Sunday, July 28, 2013

Visiting privileges

A dear friend of mine has been a second-grade teacher in Detroit for the past year. Her working life is far more difficult than mine ever was, for all the obvious reasons. But she's brilliant and talented, and she had a bunch of awesome ideas to expose her students to the wider world. One of these ideas was for her friends to send postcards from wherever-we-were to her class, allowing them to see and dream about far-away places they might visit one day. So I sent a bunch of postcards from Europe and on Friday went for a visit, bringing pictures along with.

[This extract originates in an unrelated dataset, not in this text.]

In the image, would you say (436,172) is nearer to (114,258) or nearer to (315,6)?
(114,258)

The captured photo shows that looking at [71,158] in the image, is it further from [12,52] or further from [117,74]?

I learned that second-graders are very wiggly, especially when they've already been in school for seven or eight hours. Like my German students, when reminded of what they were supposed to do, mostly they did it. Usually they then forgot, and I can understand. It's no fun to sit still and be quiet and attentive for hours when all you want is to be somewhere else.

I learned that second-graders are very curious in the best possible way. I brought a dozen or so pictures along to show them - cats in Corsica, the Porta Nigra in Trier, my school - and they had questions about every single one. They also had questions about the things that adults, recognizing the "main point" of a picture, never think to question. What's that fence doing to the side of this historical building? (Hiding construction equipment, it turns out.) Why did that man get banished into a clock that now sticks out its tongue at you every hour? (He stole things and played tricks, which led to several minutes of attempts by the students to catalog what exactly it was that he stole.) What is that statue standing on? (A pedestal.) Why? (I have no idea, because I'd always just accepted that statues stand on pedestals.) Maybe I shouldn't just accept such things. Why exactly is it that statues stand on pedestals? I'm sure it has something to do with a uniform base and such, but is that all?

I learned that second graders sometimes forget what you've told them as soon as the words are out of your mouth. Are there restaurants and zoos in New Jersey? (I don't know, I've never been to New Jersey.) In New Jersey, do people like to go to the zoo? (Uh...I don't know.)

Saturday morning we went to Eastern Market, an enormous farmer's market selling everything from produce to spices to bread to succulents. You could do your whole week's worth of grocery shopping there. It smells amazing, as farmer's markets always do.

I concluded the visit with the Detroit Institute of Art, which has an amazing collection of artwork including (in my friends' words) "that culmination of centuries of art and innovation: home decorations" . The DIA houses Van Gogh, Islamic calligraphy, African masks, and American (both North and South) carvings, among hundreds of other works. The masks were especially interesting, both in their size and their displays of community ideals.

Detroit on the whole may be going through a hard time, and I don't want to make light of that situation. But I was privileged enough to see some of its very bright spots: its art, its produce, and its future. And question the entire point of pedestals.